With all these advancements, organizations can now structure their data to optimize resources and to make better business decisions. Currently, there are three verticals where video analytics are already having a huge impact: retail, airports and traffic.
Retail: Understanding Your Customer
One of the main contributing factors to the incredible success that online companies like Amazon have achieved is their ability to collect, analyze and use the vast amounts of data their customers produce. When a store knows its consumer, it can tailor every shopping experience to suit their needs. Brick and mortar stores are now asking how they can possibly compete.
The answer is video analytics. Offline retailers see video analytics as a key tool for gathering information about how many people come into their stores, what they do while there, and which products they are looking at.
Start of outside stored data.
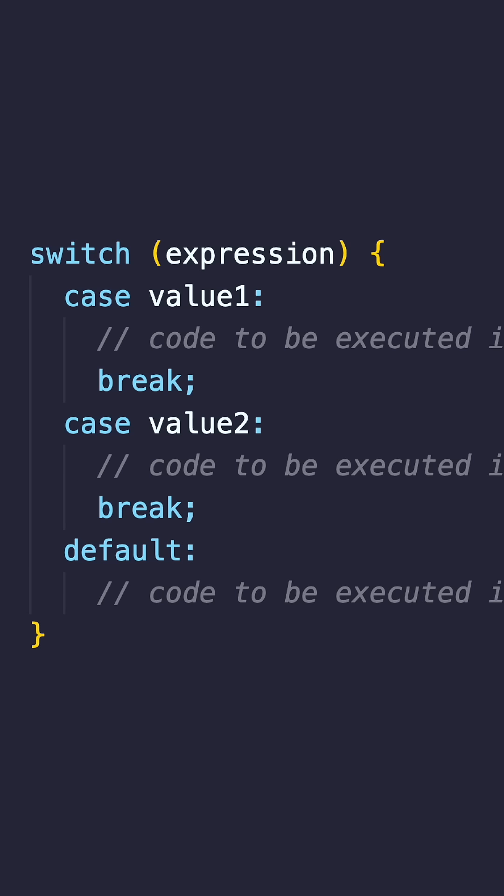Without it, the program would continue executing subsequent cases, a behavior known as fall through.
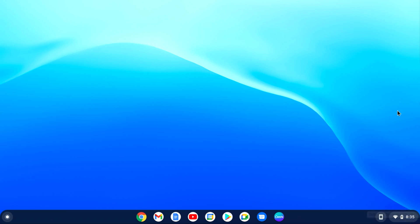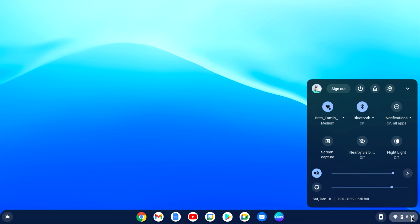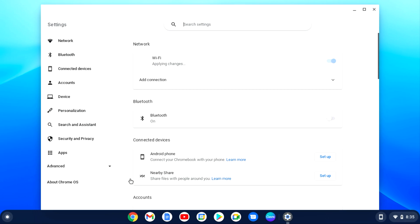First of all, you want to click on the control center which is the bottom right hand side. Once you've clicked on it, you want to click on that little cog wheel.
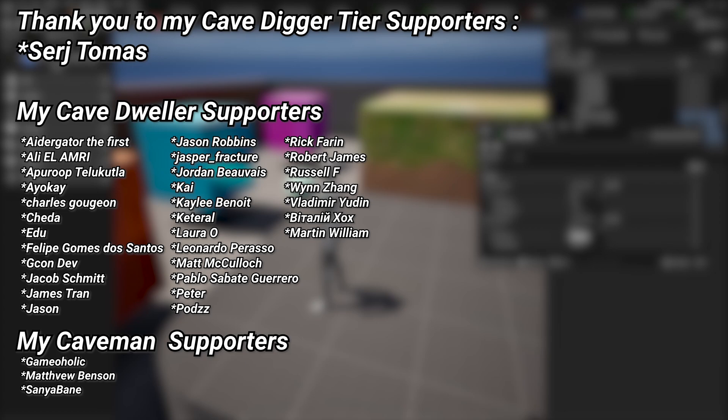For the full course, if you're watching this in the future, it should be all up on the YouTube channel already. But if you're watching this shortly after it was uploaded, there will be a link down below in the description to the Patreon where you can find the full course. A very big thank you to all of my patrons - you can see them on screen right now. If you want to help out supporting the channel, there's a link down below. Special thanks to my Cave Digger tier patrons, Serj Tomas.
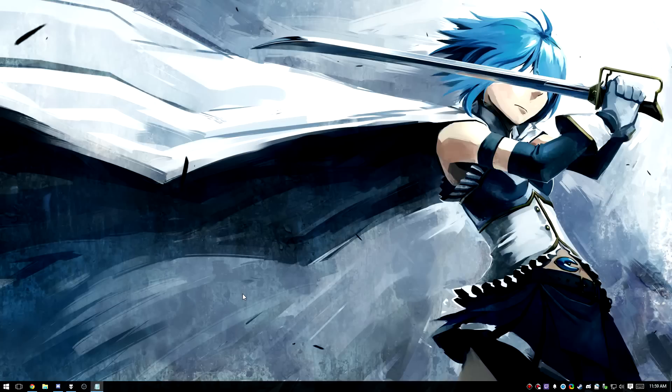Let's cut right to the chase. This is a tutorial on how to record Elsword in not garbage quality, since a lot of people struggle with that. We're going to be using OBS Studio, also known as OBS Multiplatform, for this. I've already got it pinned to my taskbar, but if you don't have it installed, there is a link in the description below.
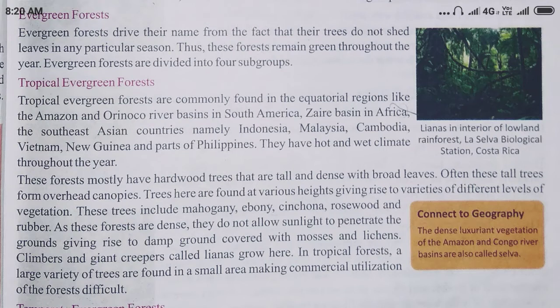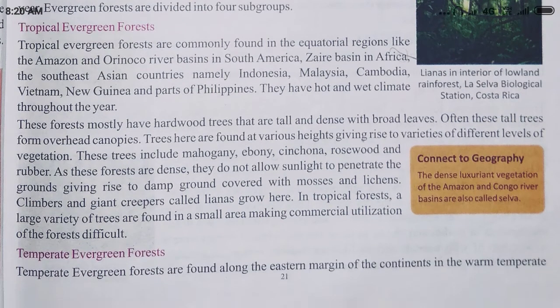The trees are very densely populated and the humidity factor is also significant, so it is a little hard to survive there under normal conditions. Next is temperate evergreen forest. Temperate evergreen forests are found along the eastern margin of the continent in the warm temperate areas.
Using this information, they can calculate conversion rates: how many people go into their stores vs. how many people actually buy products. Then, with greater understanding of their customers’ behavior, they can make informed business decisions, including item placement and staff optimization, to better serve shoppers.
Airports: Improve Passenger Flow
Airports are also looking to make better business decisions that will improve customer traffic and increase revenue. In particular, they are looking for ways to optimize the flow of people through their spaces to make the process of boarding and disembarking as efficient as possible.
Video analytics is a great tool for understanding how long people stand in security lines, where roadblocks occur and where people gather. With this information, airports can optimize their staffing, reduce known congestion sites, and inform passengers where they should go and how long they can expect to wait in security lines. This will allow people to move through lines and checkpoints as quickly as possible, which can result in a direct increase in the revenue generated by duty-free shopping.
Traffic: Keep Everything Moving
Despite the fact that popular media suggests that Big Brother is watching, cities do not, in fact, always have as comprehensive an understanding of what is happening on their streets as they could. We are seeing a big push in smart cities to measure traffic in a reliable and flexible way. The data collected and understood through video analytics can provide cities with valuable information about what’s happening on their roads, how many cars are on a given street or how many cars are going through a specific intersection.
This data can be invaluable for city planning, particularly when it comes to traffic coordination. City planners and traffic engineers can use this information, for example, to re-route traffic through alternative routes during rush hour to avoid congestion and to optimize the flow of vehicles through their streets. This would not only make commuters happy, but could also reduce car emissions as vehicles would travel at a more consistent speed.
A Means to Create Value
Ultimately, video analytics is a means of creating value in many different industries through a variety of solutions. With its growing success, video analytics will likely move away from existing as a separate application. Instead, video analytics will run in the background of different kinds of applications without end users being aware of its presence. They will simply appreciate the business value that they get out of their applications.